Heading into 2019, Rob Fuller will be taking the LFR brand and team into the new year with not only the drive to win, but a strong focus on R&D and customer support to continue its winning tradition. New designs and product development will be in the works at the LFR location in West Boylston, Mass.
“It’s not who has the most cars wins,” said Fuller. “We are more focused on R&D, higher end design, and winning. We expect our cars to win, and I want to do everything I can to help our customers do that. If we sold cars to every team that called wanting one, we would be back where we were three years ago. Our cars are not for the masses and are more expensive in general. I have been the owner of a company that manufactures 100 plus chassis per year, and it is not the direction I would like to go at this stage of my life. While they are busy manufacturing cars for people they barely know, we will be at tracks conducting team LFR test sessions and wrapping up our Gen 2 and Gen 3 designs in 2019.”
“You can only be in so many places at one time” continued Fuller. “LFR cars finished 1, 2 and 3 in the championship points standings and won over half the races on the tour so we expect to continue that level of dominance. The tour is a great place to judge performance. NASCAR does a great job policing the series to provide a level playing field which is tough to accomplish these days so my hats off to Jimmy (Wilson, NASCAR Series Director) and his team.”
Dave Sapienza is a new addition to the LFR team in 2019. Sapienza had career-best qualifying and finish in his first-ever start in the LFR car he purchased and has since ordered another brand new LFR car for 2019.
“That’s huge,” explains Fuller. “Guys like Dave are a perfect example of why I do this. He has a spring in his step now, their guys are more motivated than ever, and that’s something money can’t buy. That’s what I enjoy the most when I can share my engineering background with guys that want to just race modifieds and have fun.”
In 2018, Rob Fuller Motorsports ran a full-time in-house car for driver Chase Dowling, who secured his first-career win and finished second in championship points.

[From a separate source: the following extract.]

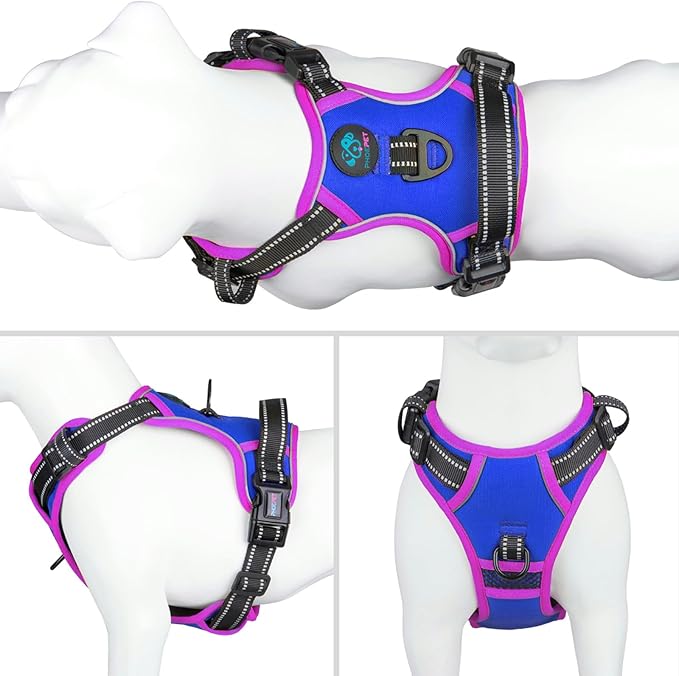 PHOEPET 2019 Upgraded No Pull Dog Harness, Reflective Adjustable Vest, with a Training Handle + 2 Metal Leash Hooks+ 3 Snap Buckles +4 Slide Buckles(S, Royal Blue)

“We are not running full time this year out of my shop, so we have a lot of plans for R&D on our chassis and some new designs coming out,” said Fuller. “Having an in-house car and being at the race track all the time with customers is vital to be the best. Companies can look at what we do and generate a similar piece, that’s to be expected, but they will always be a step behind us on track. We are years ahead with the direction the Modifieds are headed with set ups and shock valvings and vehicle dynamics in general. While the others manufacture what we are having success with, we will be moving on to the next level of design and performance to keep them chasing.”

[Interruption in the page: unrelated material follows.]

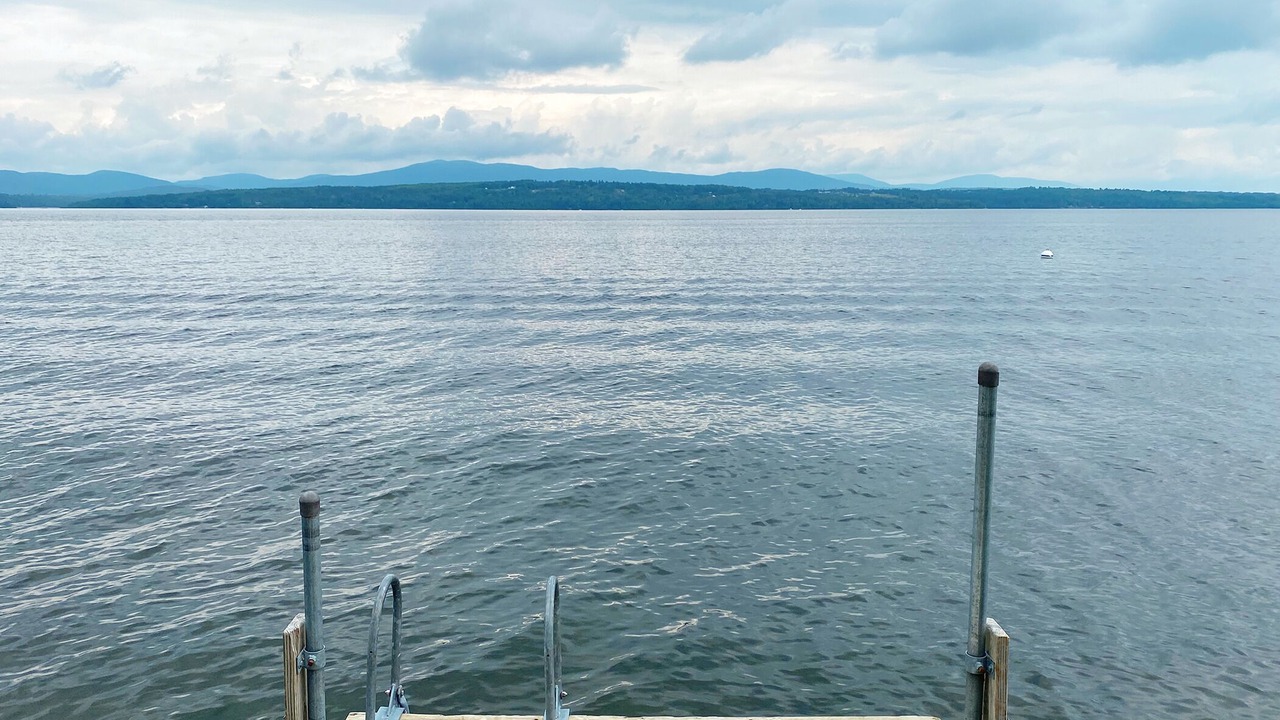 Photo of Others in Rangeley Plantation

“That’s what makes this sport great…competition,” continued Fuller. “These Modified racers are extremely intelligent and experienced. They want someone they can listen to and respect when they want to bounce ideas off a chassis company, not someone who hasn’t been there or done that, if you will.”
LFR owner Rob Fuller expects to debut their Gen 2 Chassis design in early 2019. The complete redesigned Gen 3 Chassis will be scheduled to debut towards the end of 2019.

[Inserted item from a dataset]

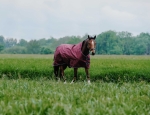 Derka padokowa Equi Theme Tyrex 1200 D High Neck 0g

“The Gen 2 will consist of simple bolt on changes with minor chassis changes,” explained Fuller. “It is very similar to my Draco Spring line. You cannot show your hand early in the game knowing the response will be duplication. We always have something on the horizon in regard to better designs for that reason alone. The large spring manufactures cannot keep up on design changes because of mass production processes which has provided an edge for Draco as well. The same applies to any competitive industry. There is a market for both for sure, but we will never go back there as long as I continue to own the company. The overhead, expense and just stress alone in heading down that road just isn’t fun and if I’m not having fun I simply won’t do it. I am extremely happy with where we are today as a company, and we will continue to maintain some of the best teams in racing and evolve in a manner that will keep us on top. Look for LFR to maintain its level of dominance in 2019!”